TORONTO, Dec. 13, 2016 /CNW/ - Melior Resources Inc. ("Melior" or the "Company") ( TSXV:MLR) today provides an update on its financial position in light of the Federal Court of Australia's dismissal of Kasbah Resources Limited's ("Kasbah") (ASX:KAS) application for approval of the proposed acquisition of Kasbah by Asian Mineral Resources Limited ("AMR") ( TSXV:ASN) pursuant to a scheme of arrangement (the "Scheme") under the laws of Australia.
As recently disclosed in the Company's press release dated November 9, 2016, the continuing operations of the Company remain dependent upon its ability to raise adequate financing, to commence profitable operations in the future, and repay its liabilities arising from normal business operations as they become due. Failure to obtain sufficient financing could force the Company into reorganization, bankruptcy or insolvency proceedings. In connection with the Company's efforts to secure additional financing and in reliance on the financial hardship exemptions from the minority shareholder approval requirements of Multilateral Instrument 61-101 – Protections of Minority Security Holders in Special Transactions, on November 9, 2016, Melior announced that it had reached an agreement with Pala Investments Limited ("Pala") to amend the terms of its August 2, 2015 loan facility (the "Pala Facility"). In connection with the amendment to the Pala Facility, Pala agreed to advance an additional US$300,000 to the Company, bringing the total principal amount outstanding under the Pala Facility to US$3 million. In addition, Pala agreed to grant Melior a put option (the "Put Option") in respect of the 47,272,727 shares of AMR (the "AMR Shares") owned by Melior. Pursuant to its terms, Melior is entitled to exercise the Put Option at any time following the completion of the Scheme, which was expected occur on or about December 6, 2016. At the time of grant, exercising the Put Option would have realized approximately CAD$1.134 million to Melior and was to form an integral part of the Company's plans to secure financing to meet its obligations as they come due so as to avoid being forced into reorganization, bankruptcy or insolvency proceedings. Yesterday, AMR announced that the Federal Court of Australia has dismissed Kasbah's application for approval of the Scheme. Investors may review AMR's public disclosure regarding the proposed Scheme, including AMR's December 12, 2016 press release for further details.

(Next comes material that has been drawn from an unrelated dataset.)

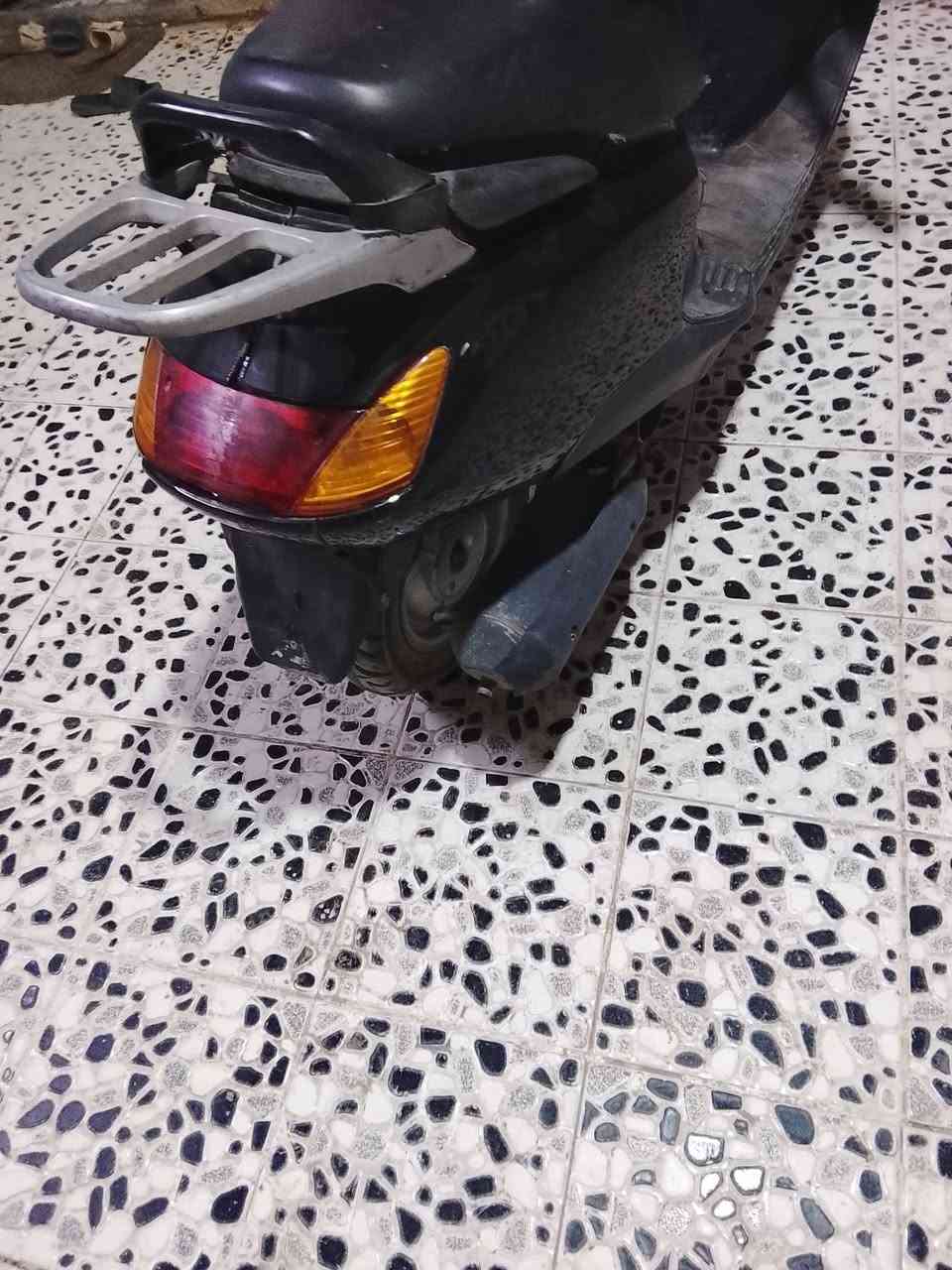 السلام عليكم سبيسي مفتوحه رايمر مكينه ناعمه معدل ١٠٠ خرسه ماتسمع صوتها السعر ٥٥٠ وبيها مجال مكانها حي الحكيم ***********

The Australian court's failure to approve the Scheme and the resulting inability of Melior to exercise the Put Option create considerable uncertainty regarding the Company's ability to continue as a going concern. In light of these developments, Melior has initiated discussions with various potential funding sources regarding potential plans or proposals that may involve one or more of the following relating to the Company: restructurings; issuance by the Company of additional indebtedness or additional equity; refinancing existing indebtedness, disposition of material assets of the Company or its subsidiaries and/or other strategic alternatives. There can be no assurance that these discussions will result in a plan or proposal with respect to any of the foregoing, that any entity or person will agree to any definitive agreement with respect to any of the foregoing, on what terms such definitive agreement may take or that any of the foregoing will occur. As such, the Company remains in serious financial difficulty and there is considerable uncertainty regarding the Company's ability to continue as a going concern.
Forward Looking Statements Disclaimer
Statements made in this news release may be forward-looking and therefore subject to various risks and uncertainties. Such statements can typically be identified by terminology such as ''may'', ''will'', ''could'', ''should'', ''expect'', ''plan'', ''anticipate'', ''believe'', ''intend'', ''possible'', ''continue'', "objective" or other similar expressions concerning matters that are not historical facts. Certain material factors or assumptions are applied in making forward-looking statements and actual results may differ materially from those expressed or implied in such statements. Melior does not undertake to update any forward-looking statements; such statements speak only as at the date made.
Going Concern Risk
As described in Melior's MD&A, the continuing operations of the Company are dependent upon its ability to continue to raise adequate financing, to commence profitable operations in the future, and repay its liabilities arising from normal business operations as they become due. There remains a significant risk that the Company is unable to find alternative sources of financing for on-going working capital requirements. There is a risk that the Company may not be able to realize any cash proceeds from the Put Option. These material uncertainties cast significant doubt upon the Company's ability to continue as a going concern.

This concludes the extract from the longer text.